■ **SUPPLIED INFORMATION**

────────

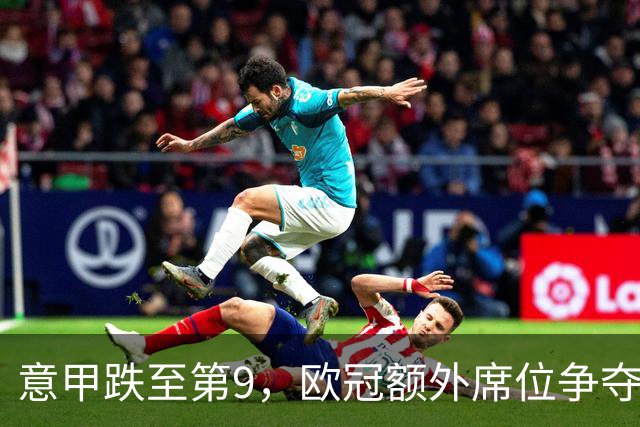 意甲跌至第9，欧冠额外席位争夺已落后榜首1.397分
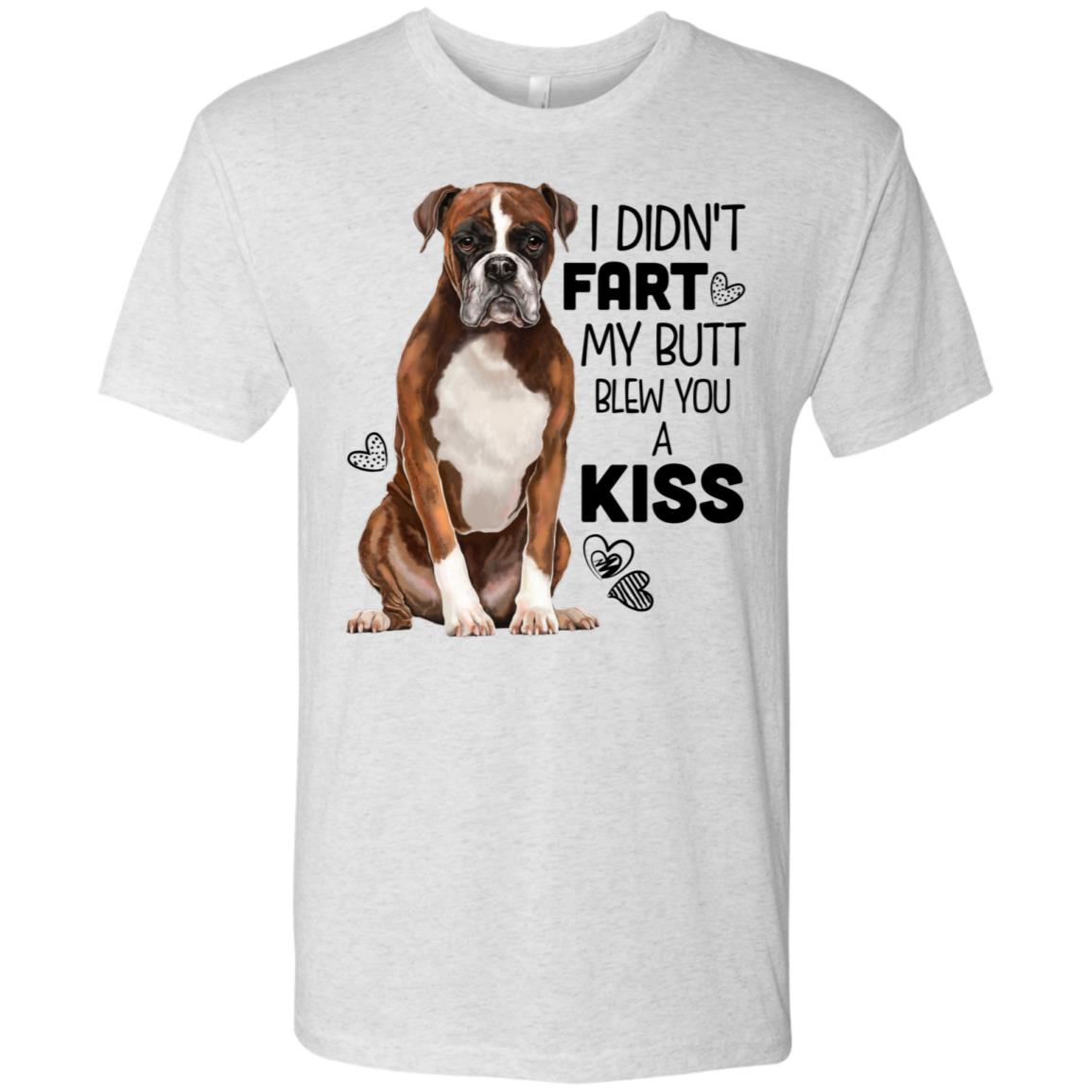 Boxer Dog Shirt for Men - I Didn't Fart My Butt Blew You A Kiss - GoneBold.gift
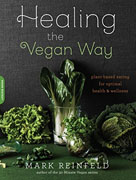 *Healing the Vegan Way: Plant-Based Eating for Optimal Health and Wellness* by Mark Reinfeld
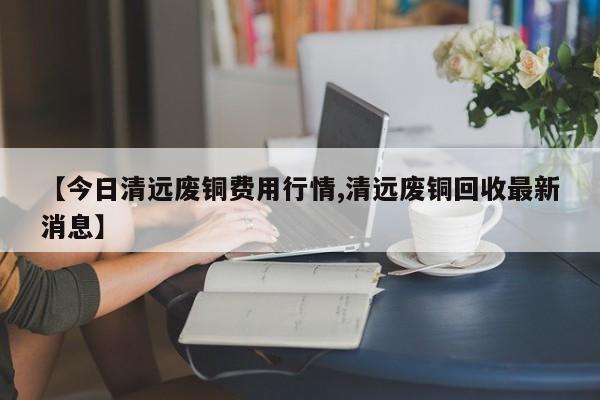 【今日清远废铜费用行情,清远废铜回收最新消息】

────────

■ **DIRECTIONS FOR THIS TASK**
No pictures should appear in the copy. Reproduce exactly the lines from the line containing "by Mark Reinfeld" through the last line of the data, inclusive.

■ **SOLUTION FOR THIS TASK**
 *Healing the Vegan Way: Plant-Based Eating for Optimal Health and Wellness* by Mark Reinfeld
 【今日清远废铜费用行情,清远废铜回收最新消息】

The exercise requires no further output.